> **WORK REQUEST**: Please retype all of the records below word for word, leaving out any pictures.
──────── THE DATA ────────
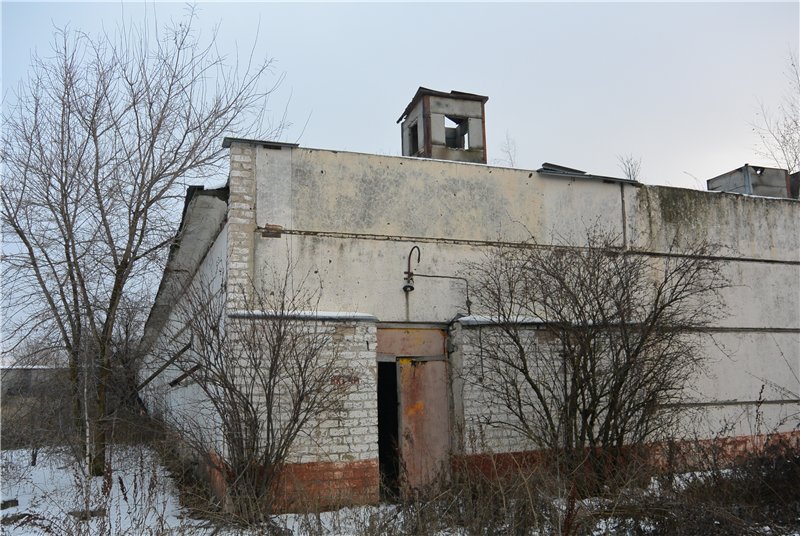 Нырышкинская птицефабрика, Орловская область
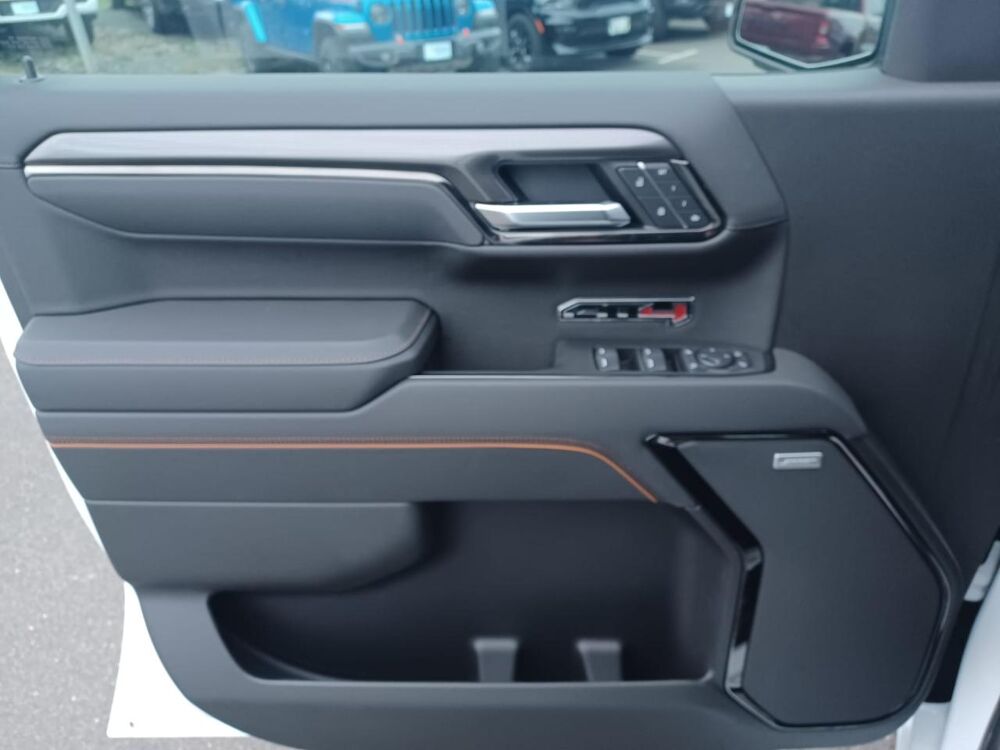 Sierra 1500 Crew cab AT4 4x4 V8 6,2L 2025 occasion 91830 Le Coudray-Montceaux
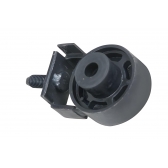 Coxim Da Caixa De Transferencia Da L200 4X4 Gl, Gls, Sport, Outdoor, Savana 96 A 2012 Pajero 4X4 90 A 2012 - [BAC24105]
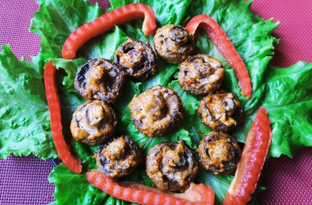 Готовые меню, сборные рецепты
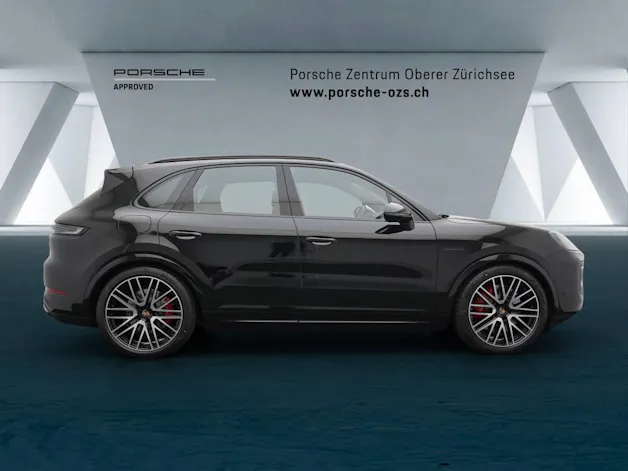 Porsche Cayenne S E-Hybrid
────────
> **RESPONSE BELOW**:
 Нырышкинская птицефабрика, Орловская область
 Sierra 1500 Crew cab AT4 4x4 V8 6,2L 2025 occasion 91830 Le Coudray-Montceaux
 Coxim Da Caixa De Transferencia Da L200 4X4 Gl, Gls, Sport, Outdoor, Savana 96 A 2012 Pajero 4X4 90 A 2012 - [BAC24105]
 Готовые меню, сборные рецепты
 Porsche Cayenne S E-Hybrid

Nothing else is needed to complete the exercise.